Violette and Juste shared some highlights of their participation in the training course. These included:
- An improved understanding of the value of project documentation. Violette and Juste were already working as data scientists when they joined the training course and one of their biggest takeaways from the training was the value and importance of documenting the code and processes, they use in projects. Not documenting code, processes and learnings meant that each time they started a new project they would have to start from scratch; now they can build on their previous work. Documentation also helps future collaborators understand how the project was built and makes it easier for them to maintain and update.

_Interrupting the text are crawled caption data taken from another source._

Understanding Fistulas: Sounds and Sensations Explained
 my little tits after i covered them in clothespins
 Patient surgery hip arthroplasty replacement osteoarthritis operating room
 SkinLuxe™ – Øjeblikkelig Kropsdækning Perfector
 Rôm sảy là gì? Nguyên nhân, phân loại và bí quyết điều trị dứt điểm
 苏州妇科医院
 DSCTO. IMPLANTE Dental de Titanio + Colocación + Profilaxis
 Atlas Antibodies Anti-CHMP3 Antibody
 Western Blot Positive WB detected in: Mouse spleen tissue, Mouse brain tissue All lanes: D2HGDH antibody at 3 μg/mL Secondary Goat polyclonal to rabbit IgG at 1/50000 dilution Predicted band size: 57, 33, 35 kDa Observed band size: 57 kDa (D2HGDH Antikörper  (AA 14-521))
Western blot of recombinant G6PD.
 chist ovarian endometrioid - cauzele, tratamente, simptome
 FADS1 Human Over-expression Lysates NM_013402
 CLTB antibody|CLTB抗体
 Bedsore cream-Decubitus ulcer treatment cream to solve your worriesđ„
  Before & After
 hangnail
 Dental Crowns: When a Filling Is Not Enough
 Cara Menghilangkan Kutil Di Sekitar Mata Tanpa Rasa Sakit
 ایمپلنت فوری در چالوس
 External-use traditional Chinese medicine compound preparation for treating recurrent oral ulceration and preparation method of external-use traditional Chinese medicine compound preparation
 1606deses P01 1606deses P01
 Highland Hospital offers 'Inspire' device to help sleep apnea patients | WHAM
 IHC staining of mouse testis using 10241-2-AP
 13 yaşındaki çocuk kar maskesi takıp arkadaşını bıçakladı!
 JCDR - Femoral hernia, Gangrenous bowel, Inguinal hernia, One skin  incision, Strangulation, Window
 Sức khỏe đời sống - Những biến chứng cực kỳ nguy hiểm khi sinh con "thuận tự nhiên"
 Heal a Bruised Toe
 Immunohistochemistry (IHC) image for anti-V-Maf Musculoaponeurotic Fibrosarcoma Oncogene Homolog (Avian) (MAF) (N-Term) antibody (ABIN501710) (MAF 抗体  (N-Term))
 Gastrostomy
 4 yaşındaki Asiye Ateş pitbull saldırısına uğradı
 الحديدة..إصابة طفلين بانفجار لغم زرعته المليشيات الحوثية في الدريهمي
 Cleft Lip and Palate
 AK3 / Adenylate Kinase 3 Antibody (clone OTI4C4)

- The benefits of a holistic project view. Another critical lesson they learned from the training is the need to understand the underlying logic or business aspect and not just the technical component of projects. Taking a holistic view allows them to make better decisions around what kind of data is needed for the project. Understanding how data is captured and cleaned is important to every data scientist but in most educational institutions the focus is on using data to make predictions. This focus makes it hard to ensure you are collecting the right data and to help the institution make good policy decisions. Since the training, Juste has switched his focus from building models to securing the right data for the questions they’re asking. For example, when it comes to understanding how financial services providers make decisions, he realised that sometimes the data is not cleaned properly, or the data used is missing key information and consequently the models that are built are unreliable or biased.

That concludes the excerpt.